EPA Region 5 began the “Collar Counties” Community Environmental Health Initiative in 2011 to improve environmental health in four Illinois counties: Kane County, Kankakee County, Will County and Lake County. This geographic area consists of over 2.5 million people, and contains the second and third largest cities in Illinois. In 2010, R3 Environmental, Inc., an environmental management company in the Chicago area, signed a partnership agreement with EPA’s Office of Solid Waste and Emergency Response to help create healthier school environments by assisting a school to improve their chemicals management. In 2011, R3 Environmental and Region 5 conducted safe chemicals management training for science teachers from Elgin High School, a Kane County school with 2,500 students, 74% of which are low income. The training taught teachers about laboratory safety, principles of safe chemicals management, developing a chemical hygiene plan and green chemistry. The participants also learned about “micro-scale chemistry,” which utilizes scaled-down experiments to teach chemical principles, thus using less hazardous chemicals. The training also introduced teachers to Children’s Environmental Health and to EPA’s school environmental health programs, such as IAQ Tools for Schools, Integrated Pest Management and the Healthy School Environments Assessment.

After the training, EPA Region 5 and R3 Environmental helped Elgin High School to assess their chemical inventories and identify approximately 2,500 lbs. of inappropriate, outdated, unknown and unnecessary chemicals, including 30 lbs of mercury. R3 Environmental funded the disposal of the chemicals, saving the school over $13,000.  Region 5 worked with Elgin High School to develop a chemical management program which the school subsequently implemented.
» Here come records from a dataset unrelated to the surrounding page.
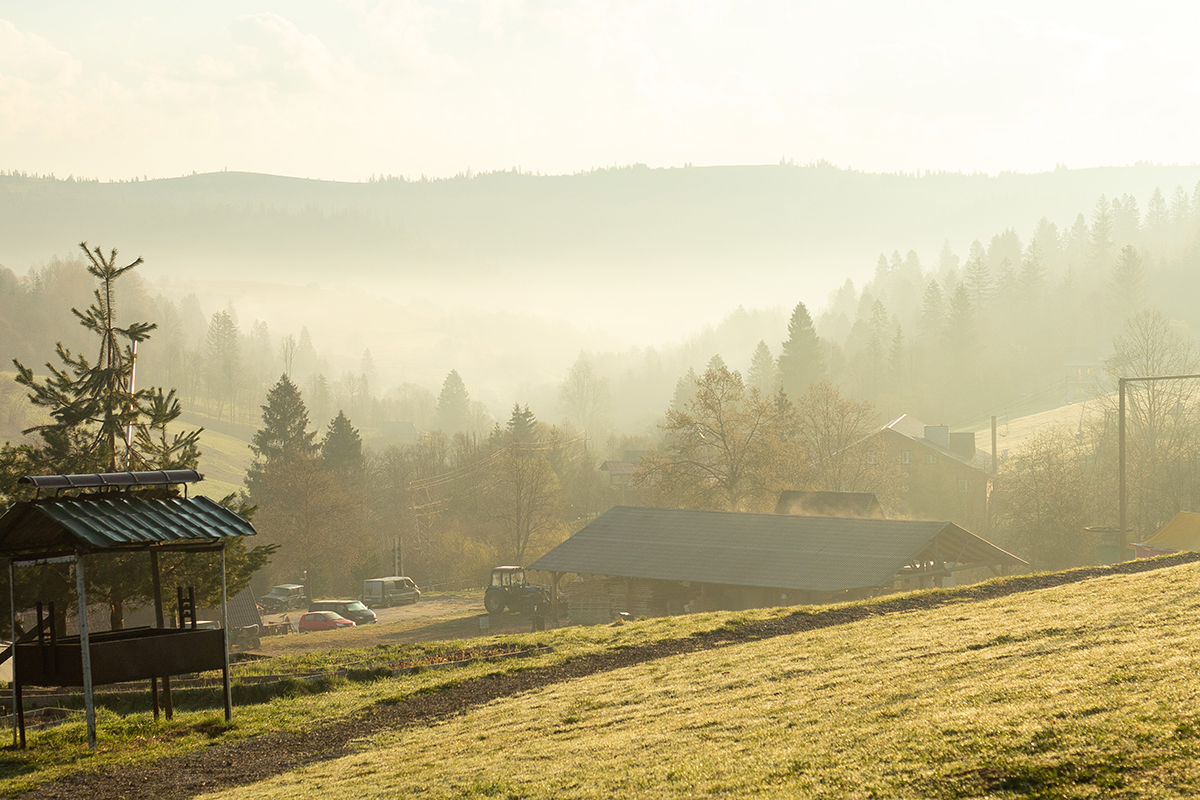 Отдых для молодоженов в Украине
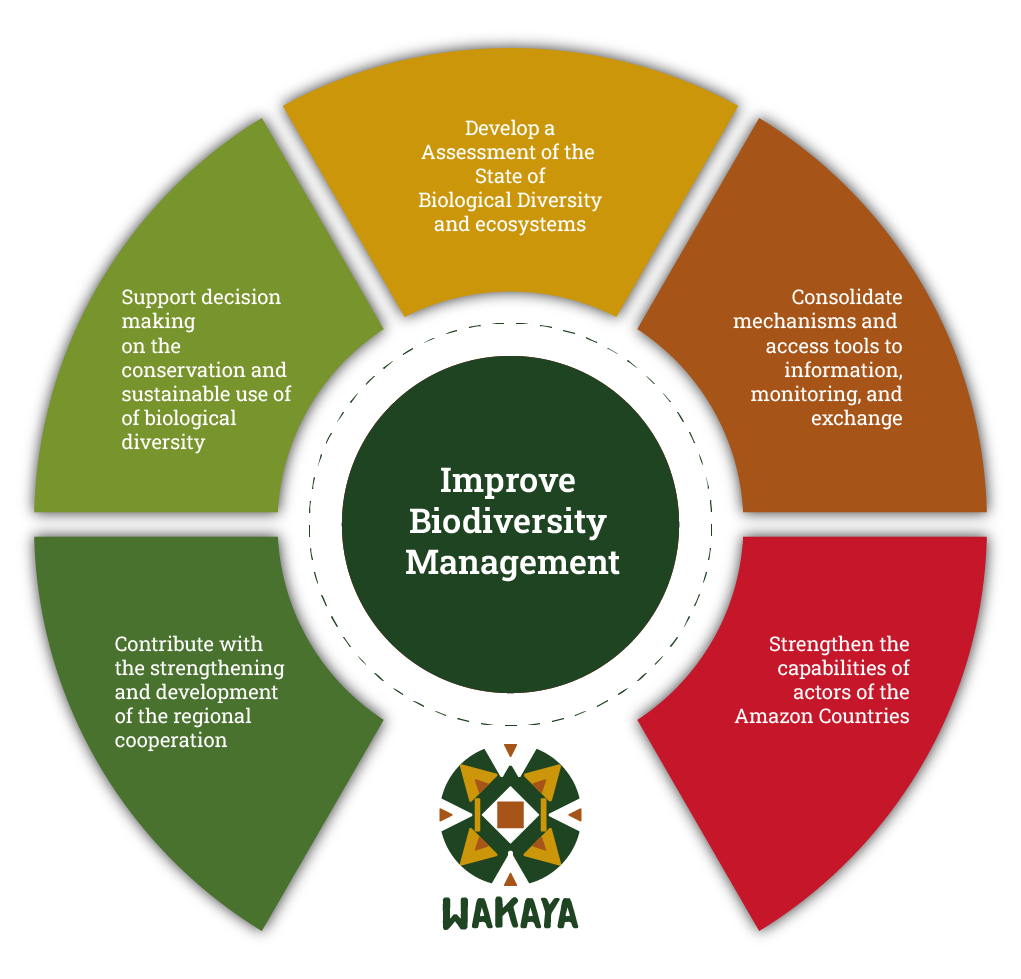 Site produtos novos-09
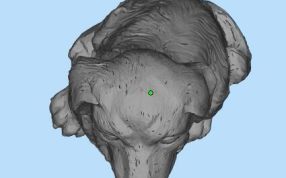3d打印动物模型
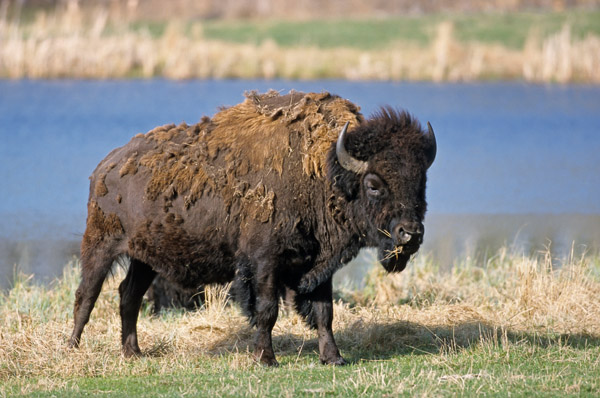 Amerikanischer Bisonbulle beobachtet den Fotografen - (Waldbison - Indianerbueffel), Bison bison - Bison bison (athabascae), American Bison bull observing the photographer - (Wood Bison - Mountain Bison)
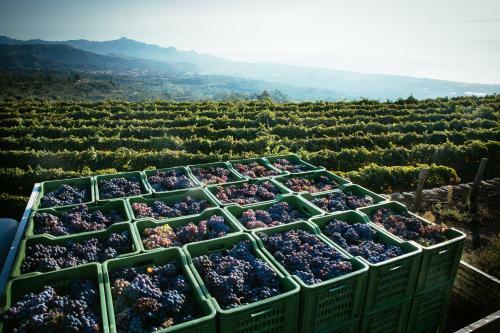 Agroturismo La Gelsomina - Etna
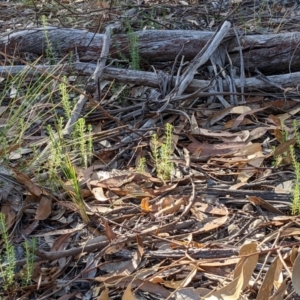 Tetratheca bauerifolia at Currawang, NSW - 18 Jan 2021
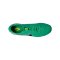 Nike Tiempo Legend X Elite Pro-Player-Edition SG-Pro Fear Nothing Grün F300 - gruen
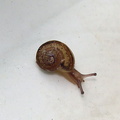Улиточка / Little snail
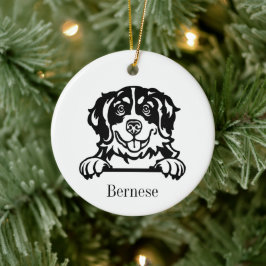 Enfeite de Natal Personalizado para Animais de Est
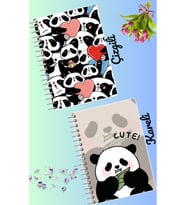 Panda defter seti 2 adet A4 boyutu 21*30 çizgili + kareli 60 syf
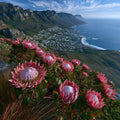 king proteas blooming on a False — ceramic art tile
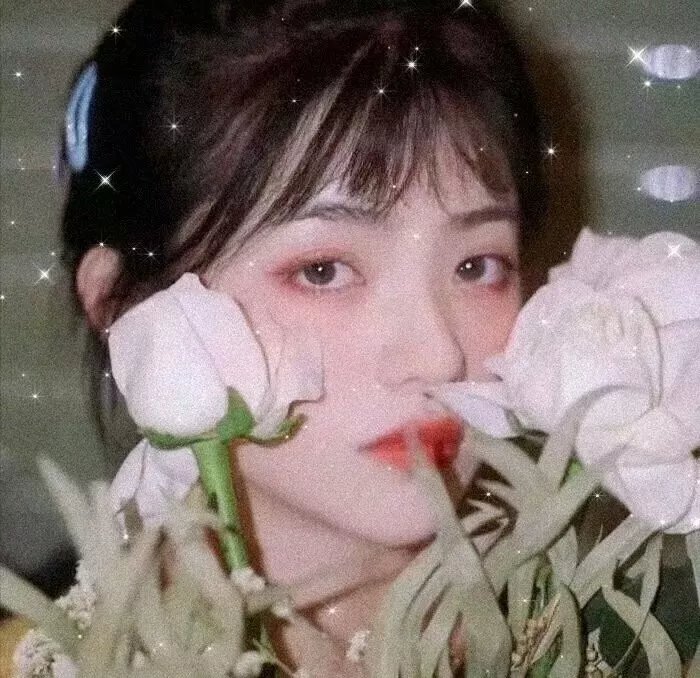 羊羔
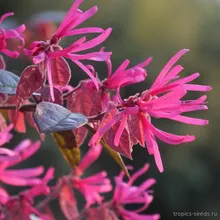 Лоропеталум Китайский RUBRA (Loropetalum chinense), семена 3 шт.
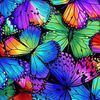 jolanda_leal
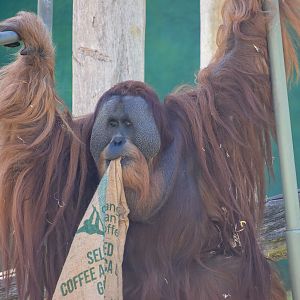 Sumatran Orangutan
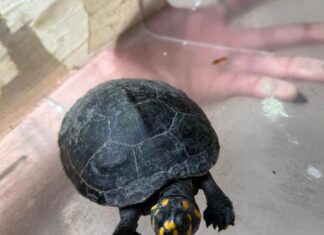 Ipaam registra 38 resgates de animais silvestres em novembro na capital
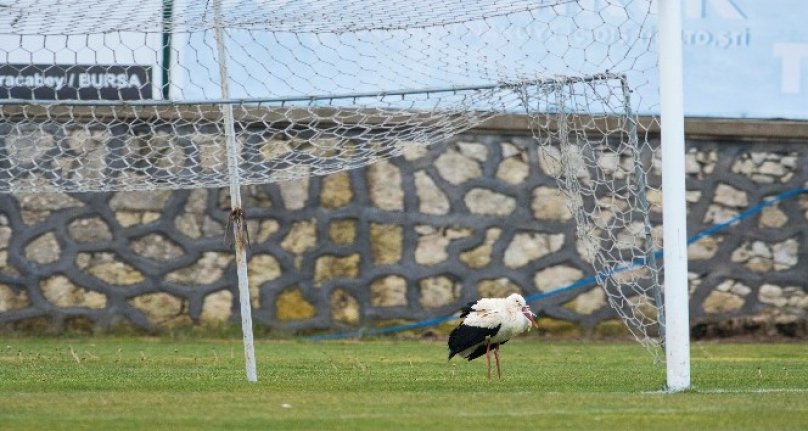 Binlerce kilometre geldi, Bursa'da stadyuma kondu!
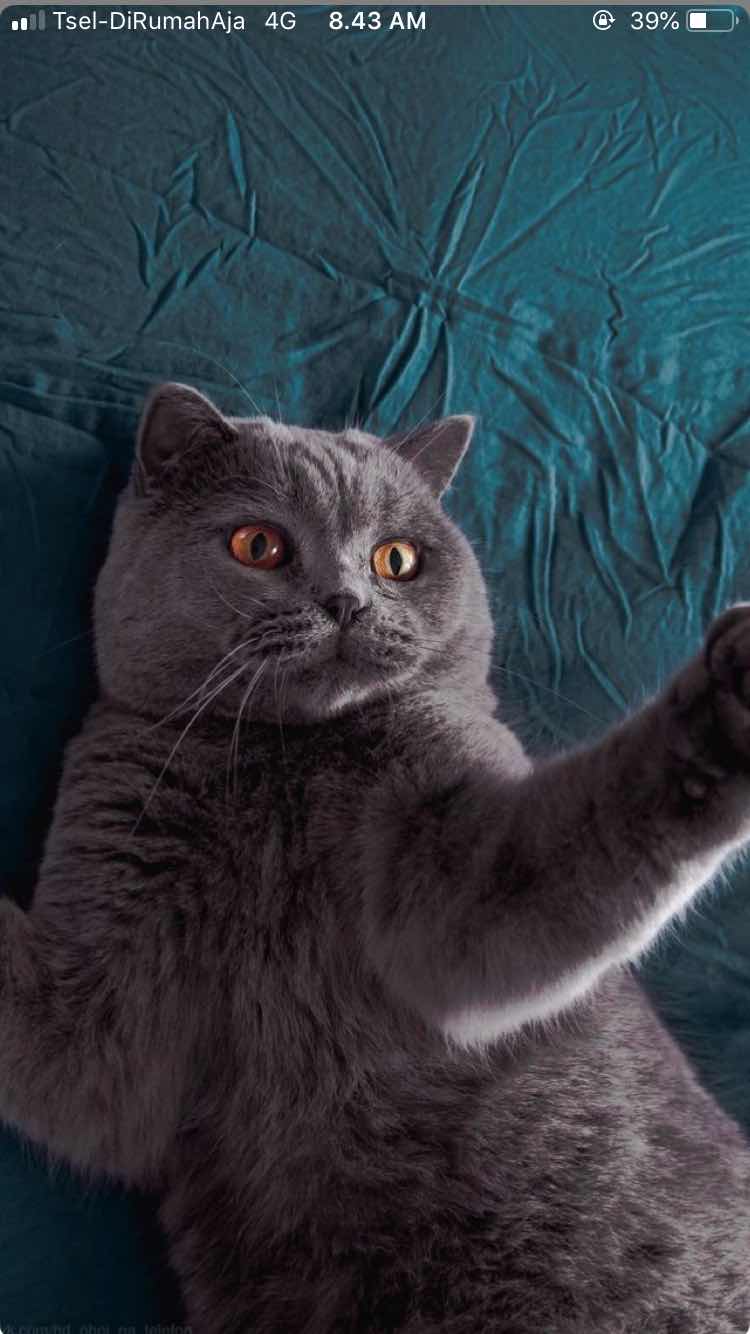 Hariana Hamri profile icon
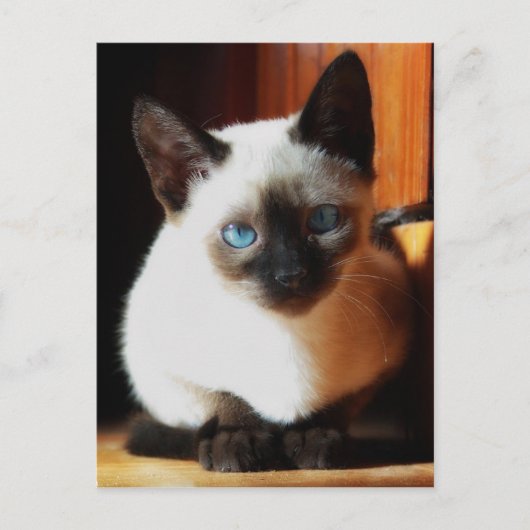 Siamese Kitten Briefkaart (Voorkant)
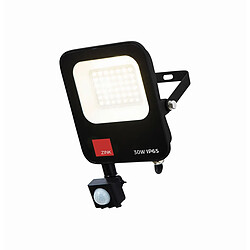 Lumière Projecteur Extérieur LED PIR 30W 6500k Noir & Anthracite IP65 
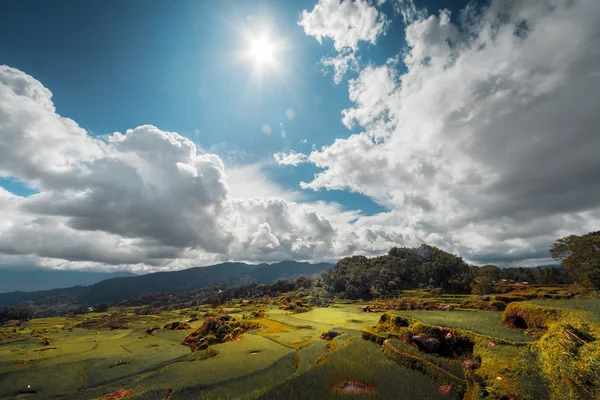 Rijst veld in een gebergte — Stockfoto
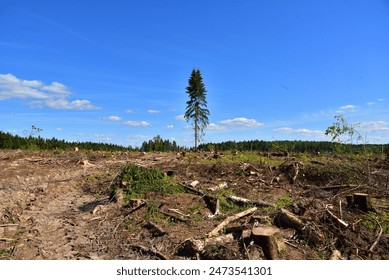 Deforestation and forest clearance. Illegal logging. Forest destruction, felling trees. Cutting trees. Stacks cut wood. Forests illegal disappearing. Deforestation, timber logging. Forest clearing.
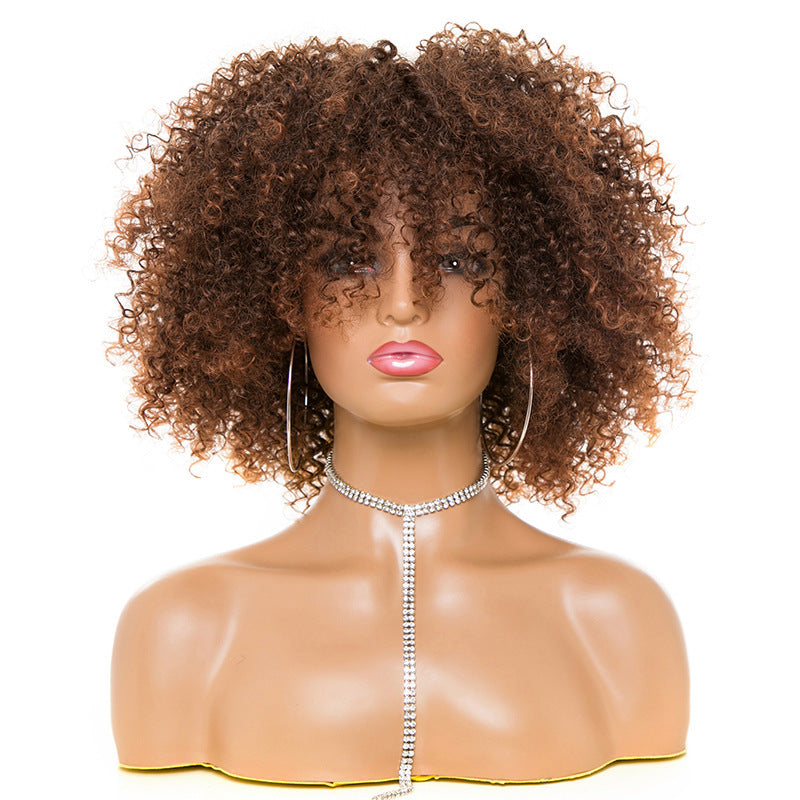Afro Kinky Curly Human Hair Wig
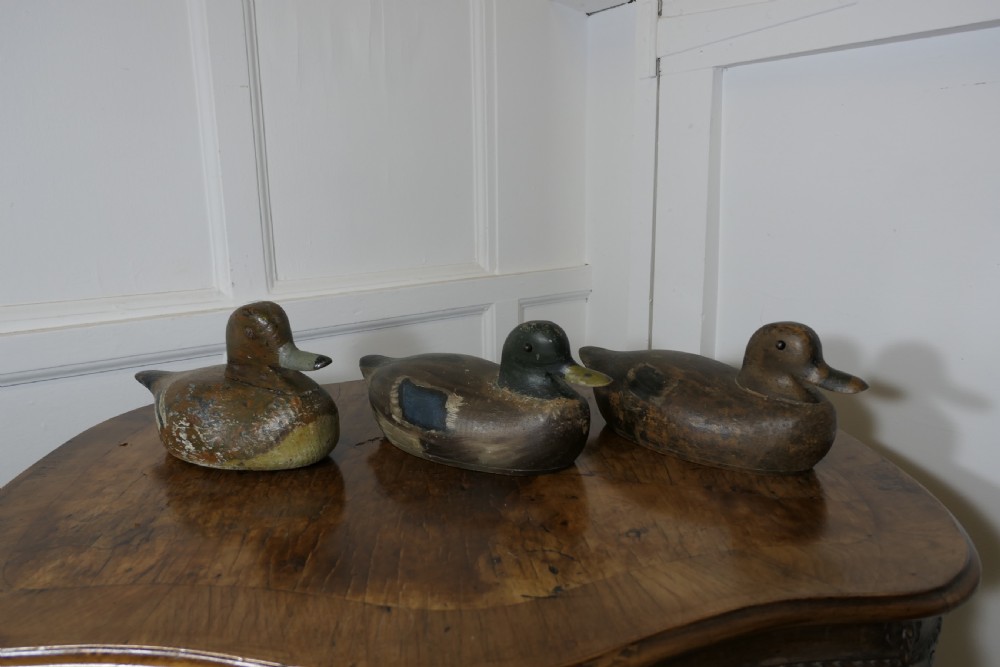 Three hand-carved and painted wooden decoy ducks with weathered finishes rest on a polished timber surface. View II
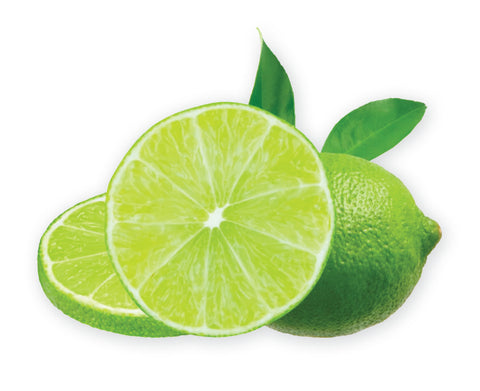 LIME Slices 15 g Freeze Dried Fruit Jar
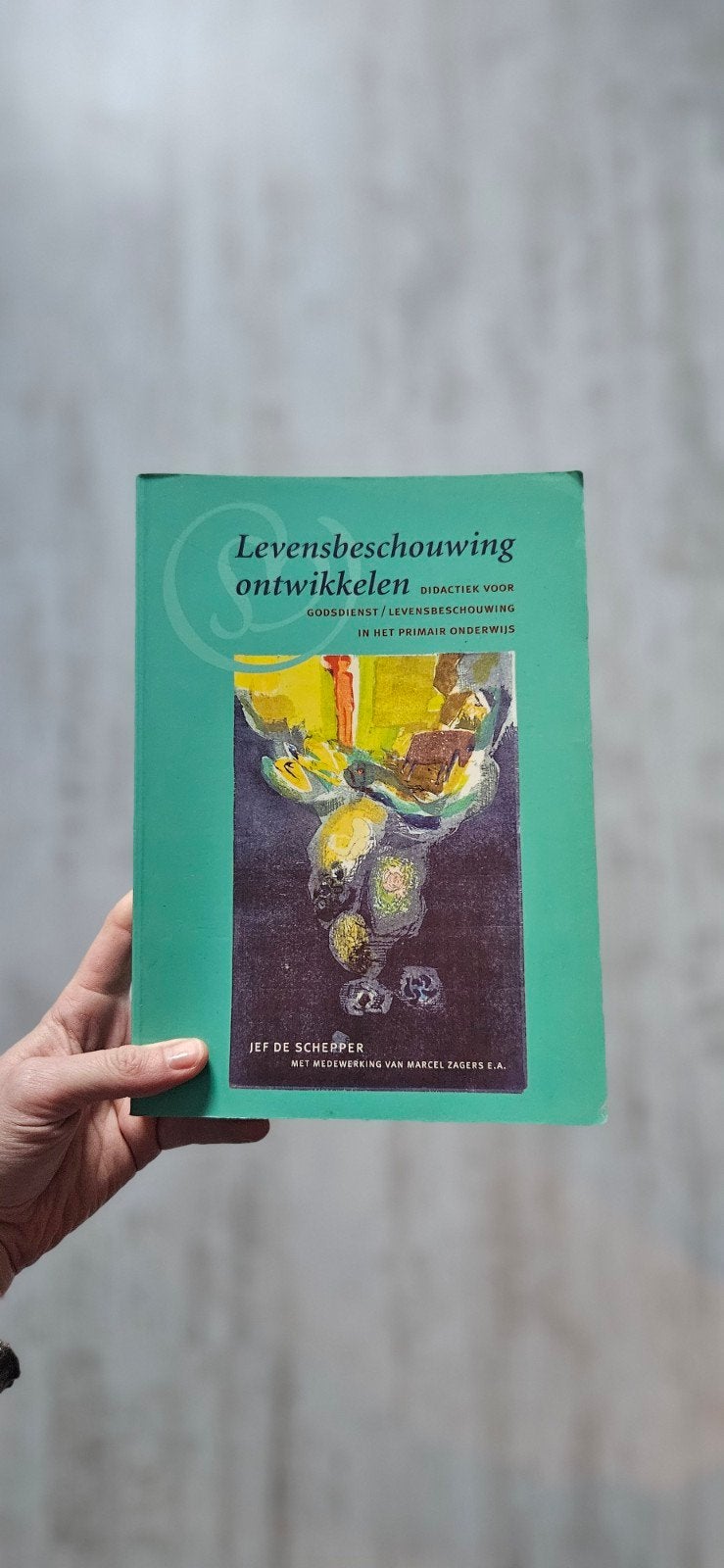 Levensbeschouwing ontwikkelen, Boeken, Studieboeken en Cursussen, Jef de Schepper, Zo goed als nieuw, Beta, HBO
EPA Region 5 also worked with Elgin HS to put more focus on children’s environmental health in their environmental sciences curriculum.

After their work at Elgin High School, R3 Environmental encouraged another Chicago-area company, EMCO Chemical Distributors, Inc. to contribute to the “Collar Counties” Community Environmental Health Initiative. EMCO contributed $3,000 to help Waukegan High School in Lake County, IL, dispose of 2,700 lbs. of hazardous chemicals, including 63 lbs. of mercury. EPA Region 5 conducted safe chemicals management training for the science department, and helped the school to develop and implement a chemicals management plan which will help reduce unnecessary chemical exposure to students. EPA Region 5 also helped Waukegan High School plan an event for the U.S. Green Building Council’s Green Apple Day of Service, in which students created brochures on safe chemical management in the home, and shared them with families, in both English and Spanish, during the school’s homecoming week. Waukegan High School serves about 4400 students, of which 95% are minority, and 66% are low income.